Hong Kong and Japan are both known for their high-tech, business oriented cultures. Hong Kong is more expensive, mainly because Japan is larger and has more opportunities for travelers to find less expensive destinations within the country.

Hong Kong is an interesting mix of old and new. While it has its own government, it is also looked over by the mainland Chinese government. This means that, as far as tourism goes, you can visit China while not really visiting China. So, Hong Kong is a good opportunity to experience the Chinese culture mixed in with a high-tech, modern city full of culture and history. And to add to that, many people visit Hong Kong just for the food alone!

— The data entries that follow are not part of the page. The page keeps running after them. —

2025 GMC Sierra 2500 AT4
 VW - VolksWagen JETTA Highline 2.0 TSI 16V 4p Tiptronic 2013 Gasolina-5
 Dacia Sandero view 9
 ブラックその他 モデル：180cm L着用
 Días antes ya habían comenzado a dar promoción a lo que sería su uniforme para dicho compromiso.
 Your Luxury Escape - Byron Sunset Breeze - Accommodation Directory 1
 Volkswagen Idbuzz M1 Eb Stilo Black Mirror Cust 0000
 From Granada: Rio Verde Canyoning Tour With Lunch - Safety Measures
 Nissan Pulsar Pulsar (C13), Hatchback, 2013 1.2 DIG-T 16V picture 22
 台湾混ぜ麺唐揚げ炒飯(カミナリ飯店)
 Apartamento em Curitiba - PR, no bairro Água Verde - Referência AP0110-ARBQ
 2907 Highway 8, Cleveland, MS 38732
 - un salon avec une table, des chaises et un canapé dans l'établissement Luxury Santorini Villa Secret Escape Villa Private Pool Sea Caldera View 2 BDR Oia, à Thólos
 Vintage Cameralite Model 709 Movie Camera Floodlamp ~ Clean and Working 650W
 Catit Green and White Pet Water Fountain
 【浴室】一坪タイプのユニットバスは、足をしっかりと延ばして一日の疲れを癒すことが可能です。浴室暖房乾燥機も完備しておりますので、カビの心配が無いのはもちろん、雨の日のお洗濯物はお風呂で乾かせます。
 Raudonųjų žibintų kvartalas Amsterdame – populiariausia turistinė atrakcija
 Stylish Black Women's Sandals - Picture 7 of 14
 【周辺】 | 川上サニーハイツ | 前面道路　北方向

Japan is a nation of deep history and culture wrapped in a modern technological wonderland. Here you can visit ancient temples and castles and then participate in a sci-fi anime film festival on the same day. Outside of the larger cities, a calm agricultural countryside awaits you. Here you can go biking, hiking, boating, or even relax on a beach.
When is the best time to visit Hong Kong and Japan?
Hong Kong Hong Kong
Hong Kong's southern location means that it is warm year-round with a tropical climate. Winters (in the northern hemisphere) are cooler, while summers are hot and wet with a decent amount of rain. Most people consider the winter months the best time to visit for this reason. However, much of Hong Kong's sights and infrastructure are in the urban core, so the weather is not as cumbersome as it could be in other nearby destinations.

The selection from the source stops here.